Home > Publications > 2021 > Special report on the Taxation (Annual Rates for 2020–21, Feasibility Expenditure, and Remedial Matters) Act 2021 > Portfolio investment entities – remedial amendments


Special report on the Taxation (Annual Rates for 2020–21, Feasibility Expenditure, and Remedial Matters) Act 2021

 

April 2021


 

Portfolio investment entities – remedial amendments


Changing the due dates for locked-in PIEs

Sections 25E, 25J, 25K and 61 of the Tax Administration Act 1994

The amendment brings forward the date to 15 May by which multi-rate portfolio investment entities (PIEs) that are a superannuation fund or retirement savings scheme are required to file detailed income information for their investors.

Background

Existing rules provide for a year-end square-up of the tax on income from multi-rate PIEs for natural persons. This PIE tax square-up happens alongside the year-end process for income tax. The outcome of the square-up is applied to the person’s end-of-year income tax position, resulting in one overall tax refund or bill, if any. However, currently the due date for filing of PIE information is not standardised which can result in delays in squaring up taxpayers PIE tax.

Key features

The amendment brings forward the filing due date by which multi-rate PIEs that are a superannuation fund or retirement savings scheme are required to file detailed income information for their investors to 15 May, to align with that of other multi-rate PIEs and enable the year-end square-up.

Application date

This amendment applies retrospectively from the 2020−21 income year to align with the application date of the new PIE rules. The first filing due date under the change is 15 May 2021.

Detailed analysis

For individuals who only have reportable income, (income that Inland Revenue receives regular information about, typically from third party payers such as employers), the year-end process for tax on PIE income is an automated process at the same time as the auto-calculation process for income tax.

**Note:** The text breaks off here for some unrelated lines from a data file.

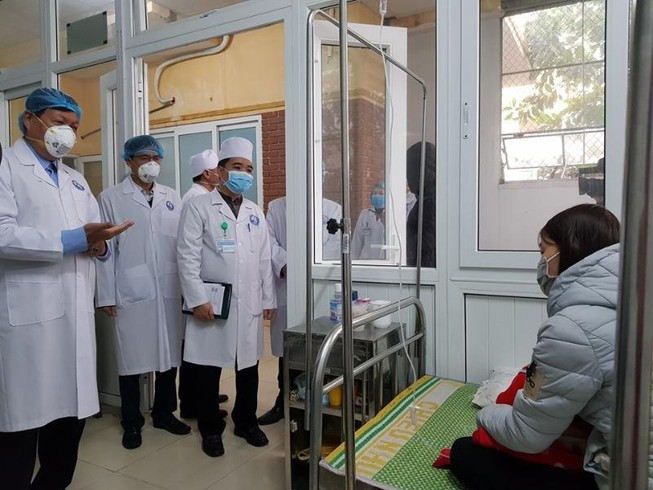 Lãnh đạo Bộ Y tế thăm các bệnh nhân đang điều trị tại Bình Xuyên, Vĩnh Phúc. Ảnh: HẢI ÂU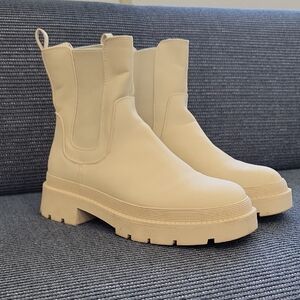 Dream Pairs Cream Ankle Boots
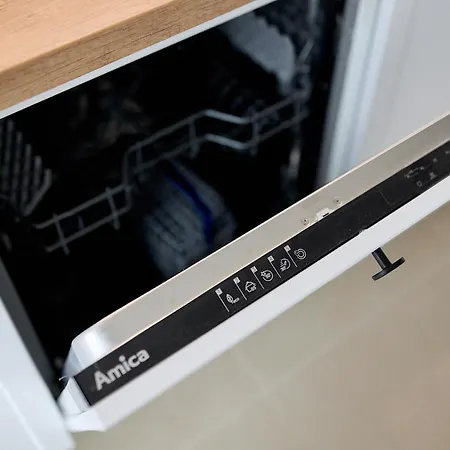 Madalinskiego Deluxe Breslavia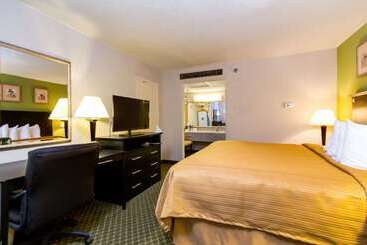 هتل Quality Inn & Suites Moline  Quad Cities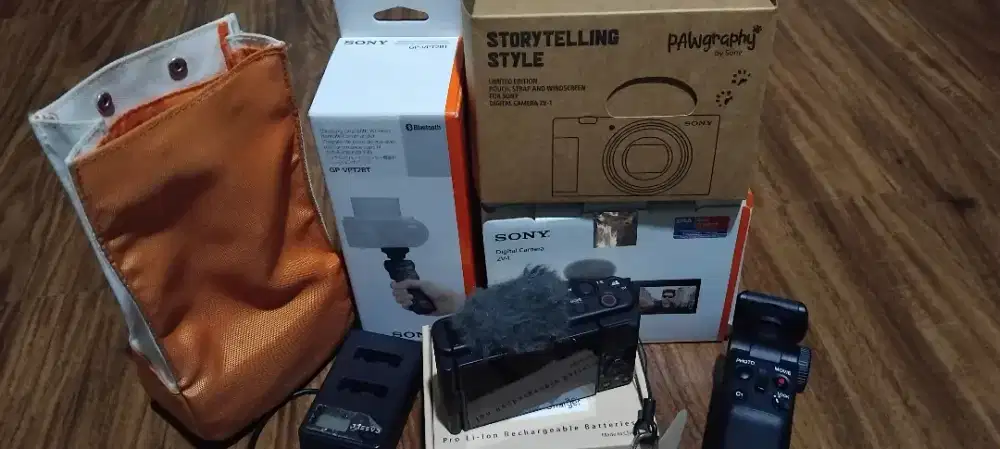 Kamera sony ZV 1 lengkap gress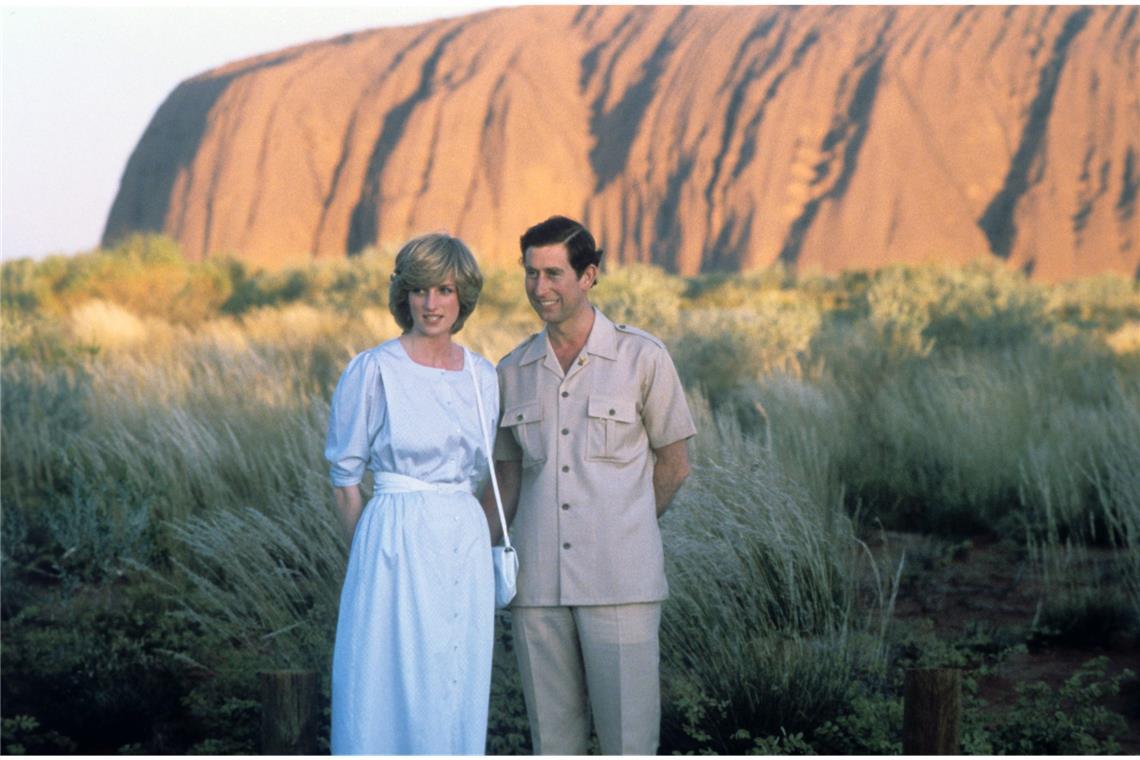 Charles und Diana besuchen 1983 Ayers Rock, den Heiligen Berg der australischen Ureinwohner. Australien war über Jahrzehnte «Diana-Land». Als die Ehe des Thronfolgers zerbrach und als Geschichten über Charles' heimliche Liebschaft mit Camilla ans Licht kamen, waren die Australier empört.
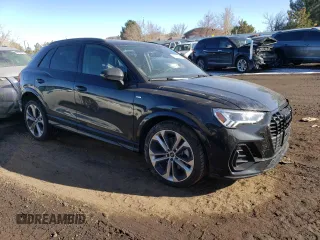 2022 Audi Q3 S line Premium Plus with VIN WA1EECF32N1144025, listed as a Copart auction lot 38752623 with 3,130 mi miles. Bid and sale history available at carsss.com. Image 4.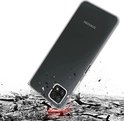 Transparant Samsung Galaxy A22 5G hoesje op een gebroken ondergrond.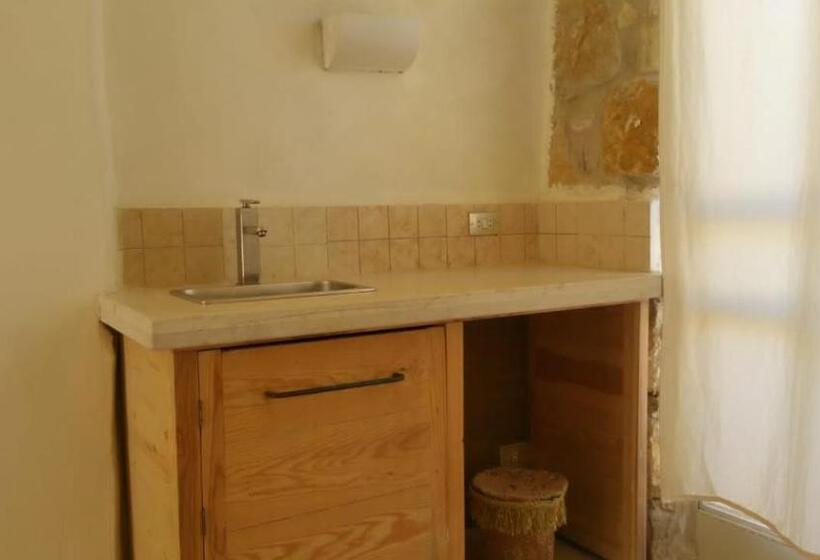 اتاق استاندارد چهار تخته, Fig Tree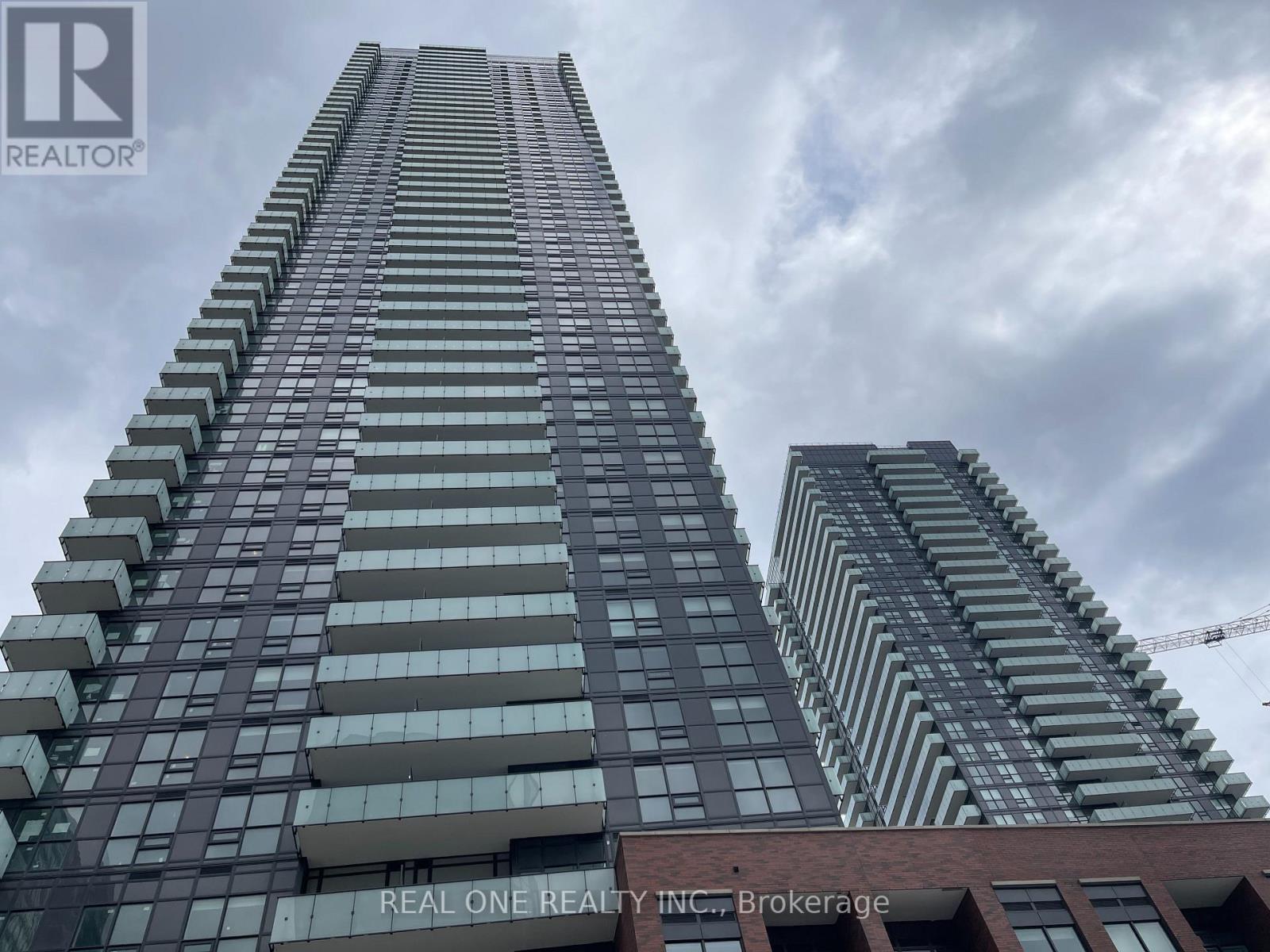 Apartment at 2208 - 430 SQUARE ONE DRIVE, Mississauga (City Centre)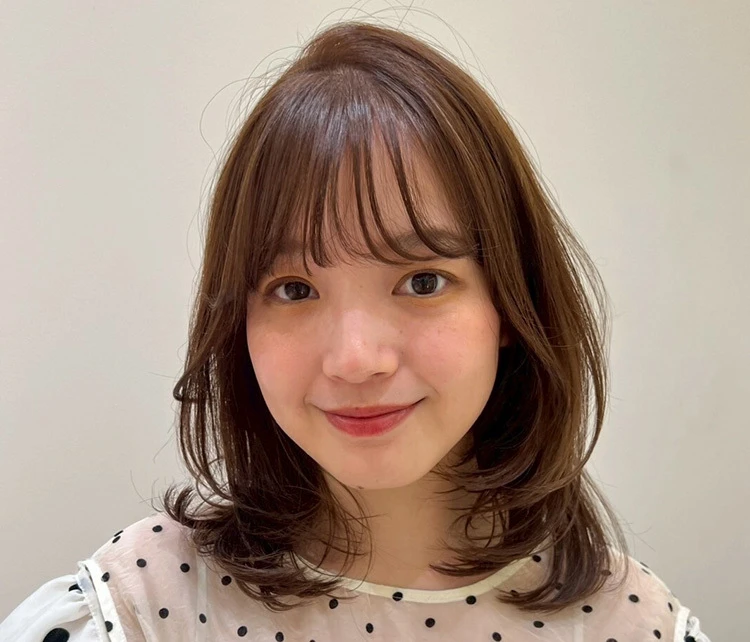 【ミディアム・30代大人の髪型】パーソナルカラーイエベ・シナモンベージュ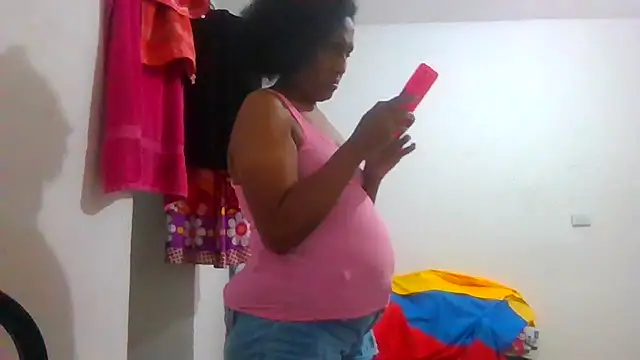 Snapshot of Aishamara chatting on October 5, 6:12 am Aishamara online show from October 5, 6:12 am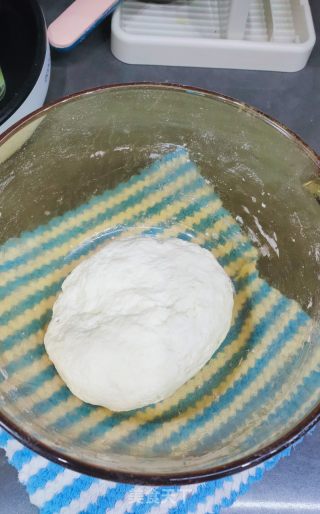 椒盐芝麻小饼的做法步调：2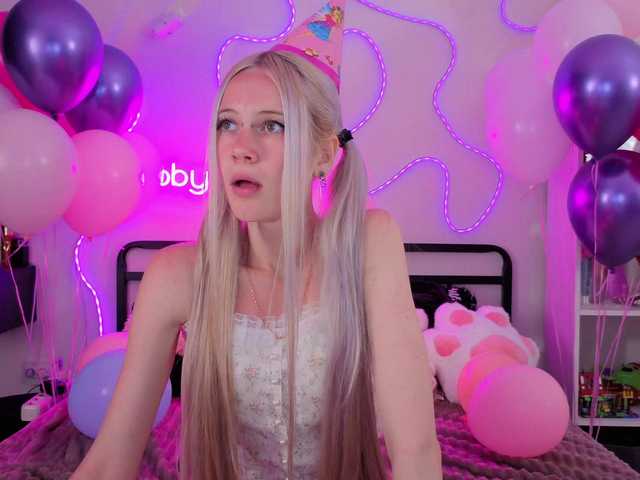 bbybee-lin live cam on BongaCams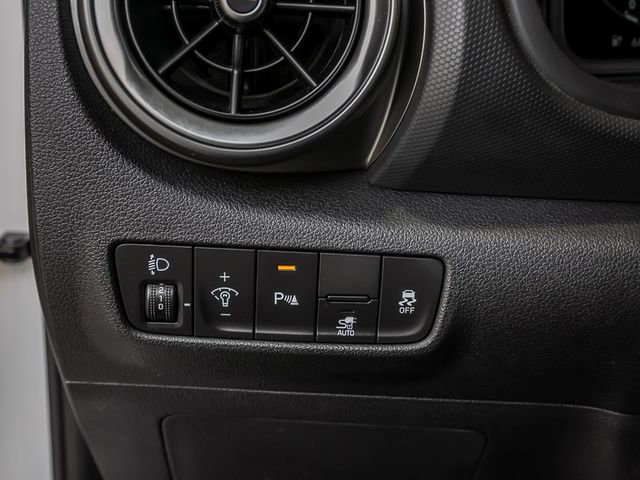 Hyundai Kona Trend Elektro 2WD Kamera KRELL Navi LED
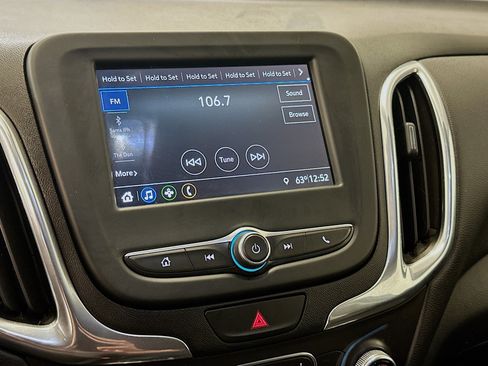 Used 2019 Chevrolet Equinox LT w/ Driver Convenience Package AWD/4WD image 21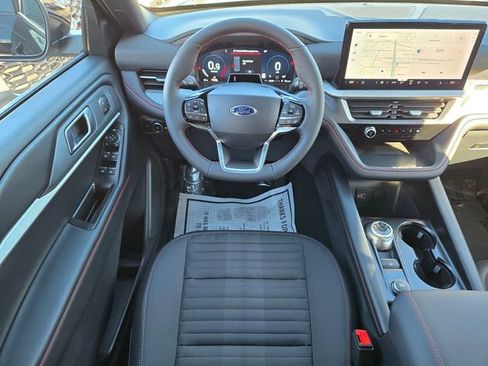 New 2026 Ford Explorer ST-Line w/ ST-Line Street Pack image 13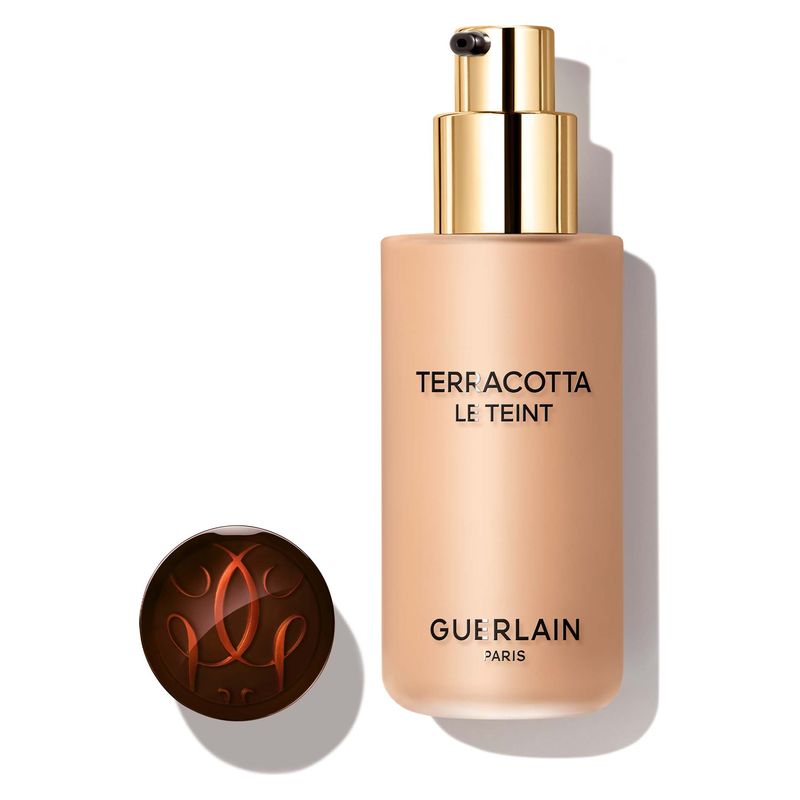 Guerlain Terracotta Le Teint, Fondotinta Fluido Lunga Tenuta 24h, 35 ml, Colore 3,5N Neutral, Effetto Bonne Mine Naturale, Finish Luminoso No Transfer Guerlain Terracotta Le Teint, Fondotinta Fluido Lunga Tenuta 24h, 35 ml, Colore 3,5N Neutral, Effetto Bonne Mine Naturale, Finish Luminoso No Transfer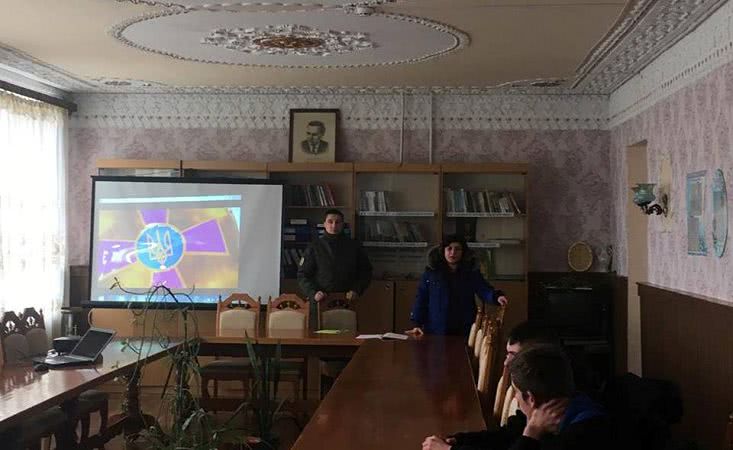 Студентам Арцизского аграрного лицея презентовали особенности профессии пограничника (фото)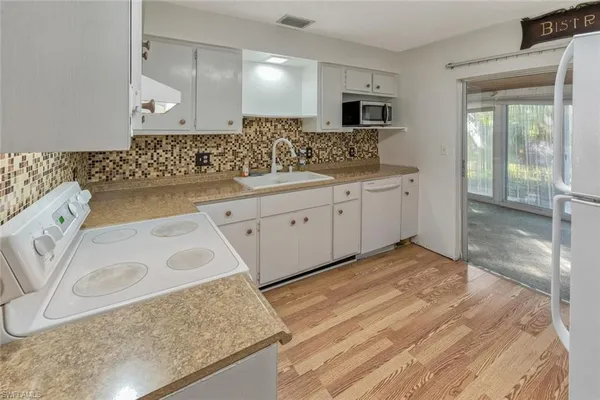 $2,200 | 42 4th Street, Bonita Springs, FL 34134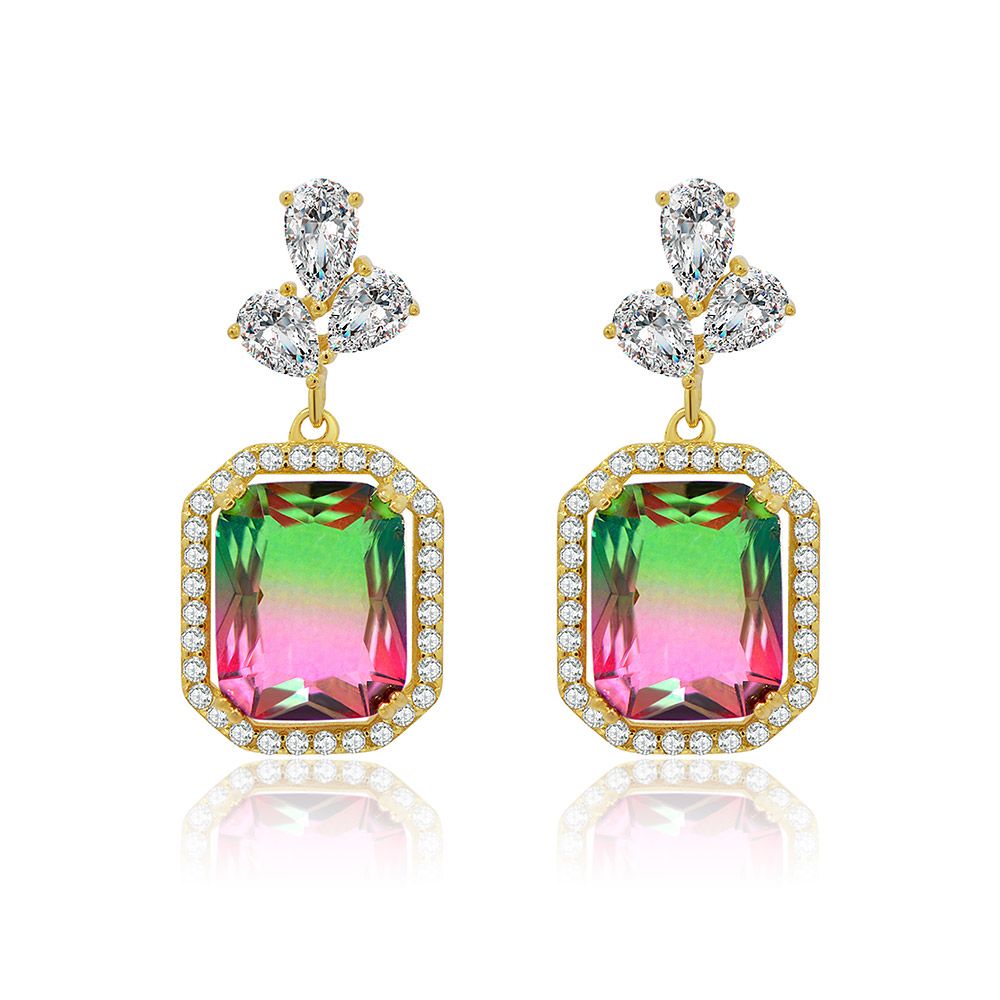 Une paire de boucles d'oreilles percées en cristal Swarovski Magic Rainbow avec plaquage or et pierres précieuses vibrantes et colorées dans un cadre en argent sterling.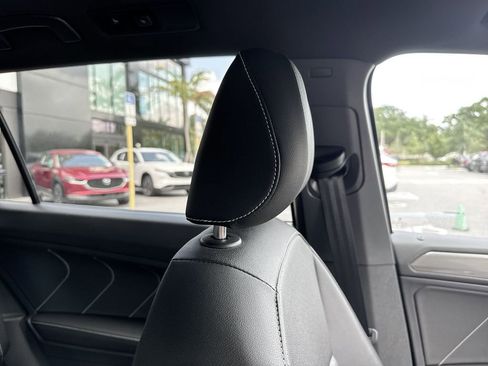 Used 2023 Volkswagen Tiguan SE R-Line image 20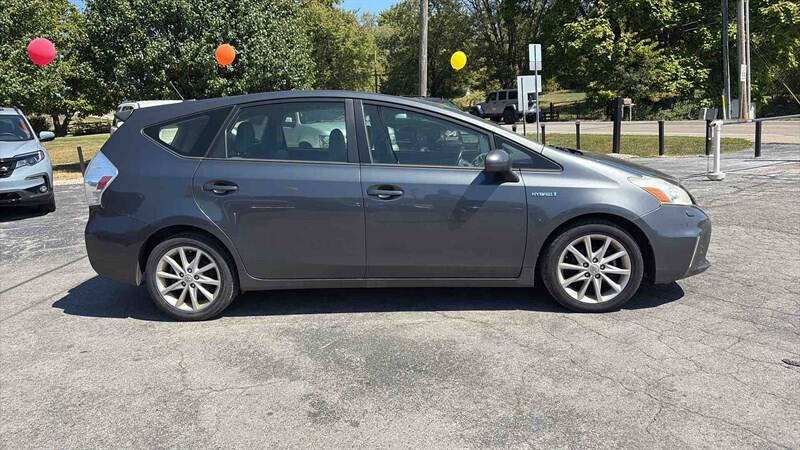 2013 Toyota Prius v Five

Section 25K of the Tax Administration Act 1994 has been amended to require multi-rate PIEs that are a superannuation fund or retirement savings scheme (for example, a locked-in fund) to file the detailed income information for their investors by 15 May each year (previously 30 June), to align with other, non-locked-in funds.

This avoids delays to the year-end income tax automatic calculation process for a large number of individuals under the new PIE tax square-up.


Changes to the PIE schedular income year-end adjustment rules

(Sections BC 7, DB 53, HM 36B, HM 52, HM 56, LA 6, LS 3, LS 4 and YA 1 (residual income tax) of the Income Tax Act 2007)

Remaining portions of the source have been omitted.